Frequently Asked Questions
Does APScheduler work with asyncio and FastAPI?
Yes -- use AsyncIOScheduler instead of BackgroundScheduler. In a FastAPI app, start the scheduler in the startup event and shut it down in shutdown: @app.on_event("startup") calls scheduler.start(). Job functions should be regular functions or async coroutines depending on your use case. APScheduler 4.x (currently in beta) is a full async rewrite -- check the docs for the latest stable version.
What happens to jobs that are missed while my process is down?
With in-memory job stores, missed jobs are lost. With a persistent job store (SQLAlchemy, MongoDB), the jobs are remembered but the behavior on restart depends on coalesce and misfire_grace_time settings. coalesce=True runs missed jobs once; coalesce=False runs each missed instance. misfire_grace_time sets a deadline -- if a job is missed by more than this many seconds, it is skipped entirely.
How do I schedule jobs in a specific timezone?

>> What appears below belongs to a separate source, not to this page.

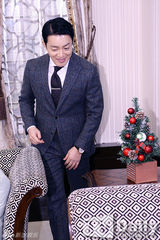 组图：允儿亮相《总理和我》公开拍摄笑颜如花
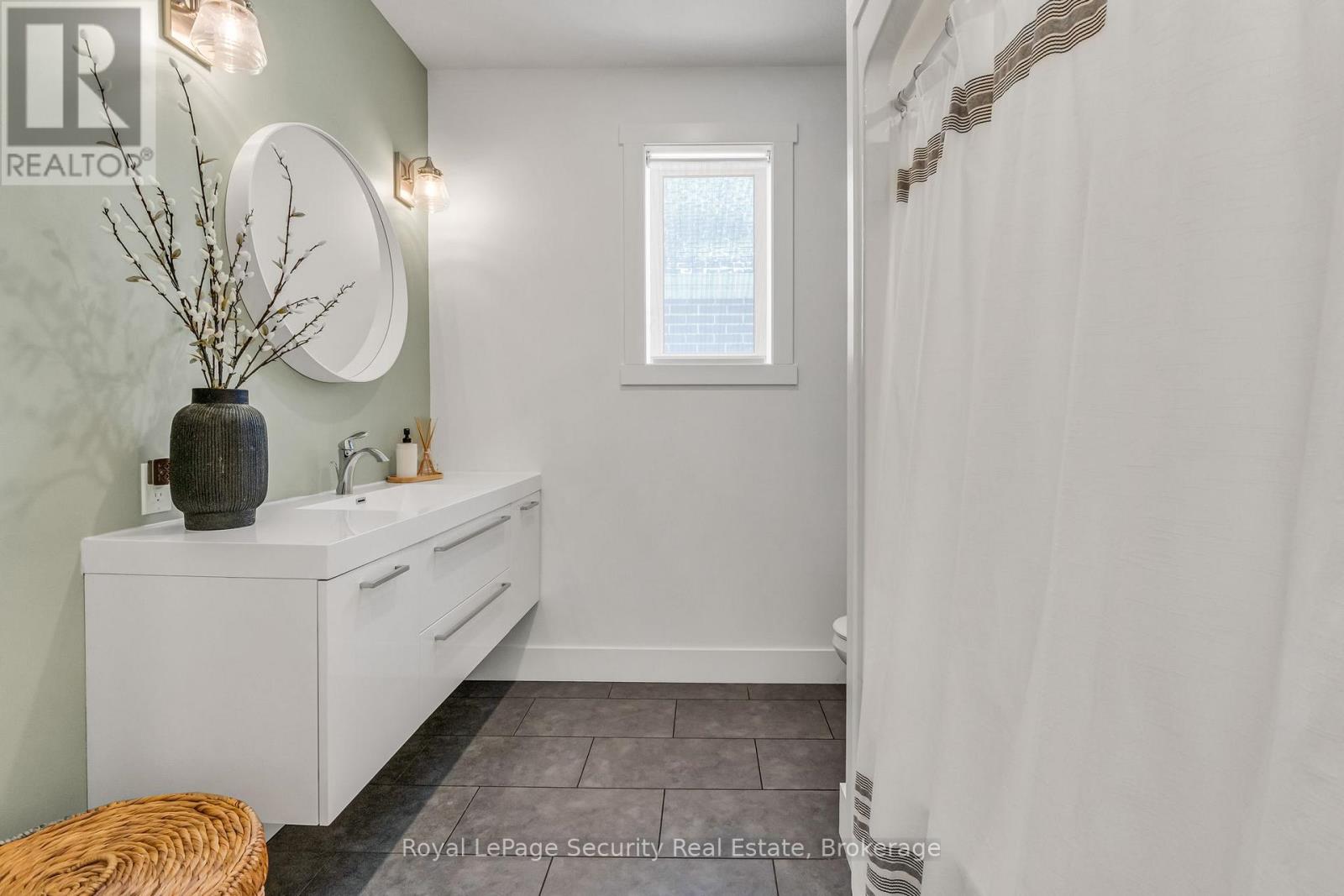 20 Crocus Avenue, Tillsonburg, Ontario  N4G 5S9 - Photo 9 - X12717310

Pass timezone to the trigger: scheduler.add_job(func, "cron", hour=8, timezone="Australia/Sydney"). You can also set a default timezone on the scheduler itself: BackgroundScheduler(timezone="UTC"). Always use timezone-aware scheduling in production -- naive datetime handling causes subtle bugs around daylight saving transitions.
Can I run APScheduler across multiple processes or servers?
Not directly with the background scheduler -- each process runs its own independent scheduler. For true distributed scheduling across multiple workers, use Celery Beat (backed by Redis or RabbitMQ) or APScheduler with a shared PostgreSQL job store combined with row-level locking. APScheduler's SQLAlchemy job store supports a tableschema for multi-process sharing, but it requires careful configuration to avoid duplicate job execution.
How do I pause, resume, or remove a job at runtime?
Use the job's ID: scheduler.pause_job("my_job_id"), scheduler.resume_job("my_job_id"), and scheduler.remove_job("my_job_id"). You can also get a job object and call methods on it: job = scheduler.get_job("my_job_id") then job.pause(). Build a simple admin endpoint in your web app that calls these methods to control job scheduling at runtime without a restart.
Conclusion
APScheduler brings cron-style scheduling inside your Python application, where it belongs. The three trigger types -- interval for repeated tasks, cron for time-of-day scheduling, and date for one-off jobs -- cover virtually every scheduling need. Add event listeners for error alerting, use the SQLAlchemy job store for persistence across restarts, and integrate with Flask or FastAPI using the background scheduler and atexit.
The real-life Flask example demonstrates the complete pattern: initialize the scheduler at module level, register jobs with IDs so they can be managed at runtime, start it once, and register an atexit handler. For production, add a persistent job store and proper timezone configuration from the start -- these are the two settings that cause the most pain when retrofitted later.
For the full API reference and advanced features like executors and job stores, see the APScheduler documentation.